The Structure of the Suite
Each of Bach’s Cello Suites follows a similar structure. They begin—as was common practice—with a prelude, an introductory movement, which served a dual practical purpose of settling both the unstable gut strings of the cello and the all-too-frequently noisy audience. The prelude is usually the longest movement; its character can be whimsical and improvisatory.
Interestingly, there are no tempo markings for any of the movements given by the composer. Therefore, it is up to the performer to choose the suitable pulse for their interpretation. This can lead to significant differences in interpretation.
The dance movements, coming after the prelude, always follow the same sequence, originating from different countries. First comes the allemande from German lands, then the courante (French), and then the sarabande (Spanish). The fourth dance is a pair of so-called gallantries: minuets, bourrées, or gavottes that vary between the suites. The final dance is an English gigue.
Although we have no evidence to suggest the actual order in which the suites were composed, all published versions start with the easiest (Suite No. 1 in G Major) and move to the hardest.

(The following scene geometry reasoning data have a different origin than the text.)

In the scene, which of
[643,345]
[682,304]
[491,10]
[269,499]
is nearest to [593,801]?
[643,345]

For Suite No. 5 in C Minor, following the composer’s instructions, the cellist has to tune the top A string down to G, a process referred to as scordatura. The use of this ingenious technique (common in Baroque times, much less so in our day) changes the cello’s sound considerably. Somewhat confusingly, this means that the performer will play exactly what is in the written music, but will hear different notes from what he or she sees.

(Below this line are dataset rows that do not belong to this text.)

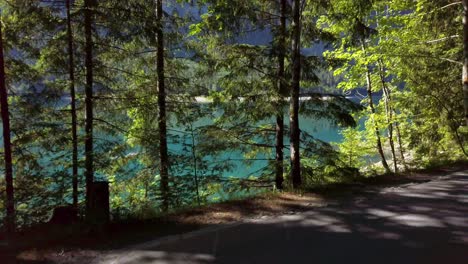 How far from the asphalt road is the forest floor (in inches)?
11.1

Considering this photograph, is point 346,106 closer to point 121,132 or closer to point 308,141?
point 308,141

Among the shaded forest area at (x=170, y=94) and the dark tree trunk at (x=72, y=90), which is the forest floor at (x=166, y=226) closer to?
the shaded forest area at (x=170, y=94)

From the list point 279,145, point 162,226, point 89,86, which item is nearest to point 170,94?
point 89,86

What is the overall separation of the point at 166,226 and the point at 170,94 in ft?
19.7

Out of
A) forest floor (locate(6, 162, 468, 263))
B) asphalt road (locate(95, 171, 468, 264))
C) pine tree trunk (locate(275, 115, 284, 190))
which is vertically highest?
pine tree trunk (locate(275, 115, 284, 190))

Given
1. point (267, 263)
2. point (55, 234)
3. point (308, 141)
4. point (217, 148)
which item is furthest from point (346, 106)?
point (55, 234)

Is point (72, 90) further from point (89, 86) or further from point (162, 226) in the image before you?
point (162, 226)

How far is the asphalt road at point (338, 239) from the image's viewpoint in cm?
443

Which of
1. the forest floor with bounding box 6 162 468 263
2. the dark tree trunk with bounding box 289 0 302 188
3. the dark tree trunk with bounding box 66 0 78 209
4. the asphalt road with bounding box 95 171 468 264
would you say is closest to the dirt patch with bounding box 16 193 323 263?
the forest floor with bounding box 6 162 468 263

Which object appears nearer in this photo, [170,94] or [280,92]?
[280,92]

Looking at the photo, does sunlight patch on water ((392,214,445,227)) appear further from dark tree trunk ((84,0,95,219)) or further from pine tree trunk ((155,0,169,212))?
dark tree trunk ((84,0,95,219))

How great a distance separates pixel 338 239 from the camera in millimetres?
4988

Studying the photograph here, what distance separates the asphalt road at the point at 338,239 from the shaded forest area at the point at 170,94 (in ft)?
5.04

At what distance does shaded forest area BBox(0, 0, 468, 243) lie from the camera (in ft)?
27.0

The instrument needed for Suite No. 6 in D Major is, in fact, a different cello altogether: one with five strings instead of the customary four, again significantly changing the sonority of the instrument. While for the performer the extra string can take some time to get used to, it permits new, otherwise impossible chord combinations to be written and performed.
The Belgian cellist Roel Dieltiens maximized this opportunity by deliberately omitting all chords at the beginning of his wonderful performance of the Sarabande of Suite No. 6, but adding them in their full glory upon the written repetition of the section.

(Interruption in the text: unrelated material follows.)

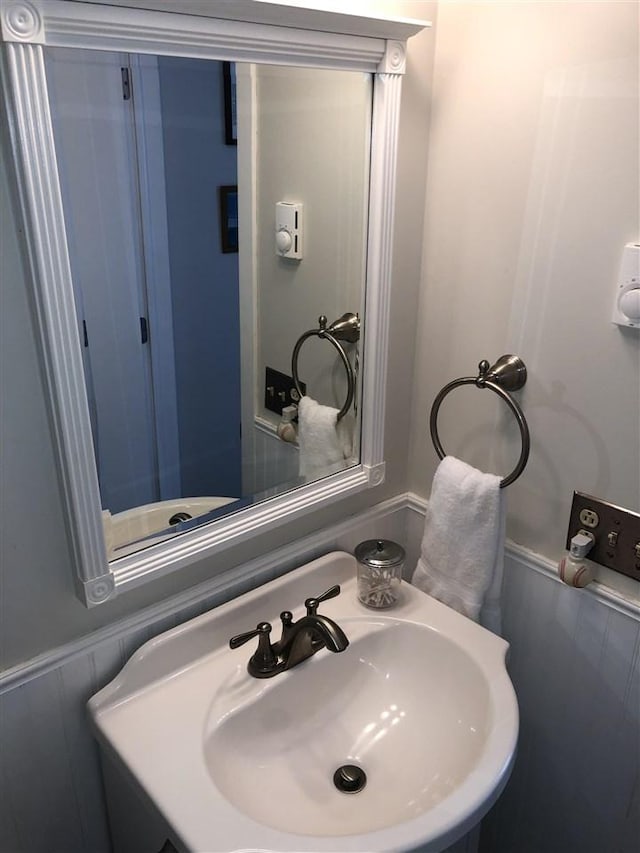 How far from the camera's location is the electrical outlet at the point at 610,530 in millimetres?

The Mystery of the Bach Cello Suites
For such a popular set of works, it is amazing how little we know about the genesis of the Cello Suites. Bach’s autograph manuscript of them is lost, with little chance it will ever be found. However, Anna Magdalena Bach, his second wife, copied a large number of her husband’s works, and a copy in her hand of both the violin and the cello solos survives. The two manuscript sets were combined into one volume.
The description is rather long-winded, sprinkled liberally with words in four languages, but it gives the essential information about the two sets, the composer, and his copyist wife.
Apart from this manuscript, three other handmade copies survive from the 18th century. While it might be hoped that these copies could help nail down the origin of the suites, they do quite the opposite. All of the four surviving copies contain numerous mistakes, and, to increase the confusion, they are vastly different from each other. For these reasons, none of them can be nominated as a truly dependable copy of Bach’s autograph.
This curious circumstance is the main reason for the amazingly large number of published editions of the suites. To date, over 100 musicians (mostly cellists and musicologists) have offered their solutions to the problems of divergent notes, rhythms, slurs, and other markings between the four manuscript sources. All these editions were prepared with honest musicality and the intent to shine light on obscure details, yet, as a result of the scarcity of reliable sources and the numerous methods to interpret them, they can provide a truly misleading mix of scholarship and speculation.
Although the Cello Suites have not been published for over 100 years after their composition, in our times they are an integral part of the cello repertoire. Most well-known cellists regard performing and recording the whole set as a milestone in their career.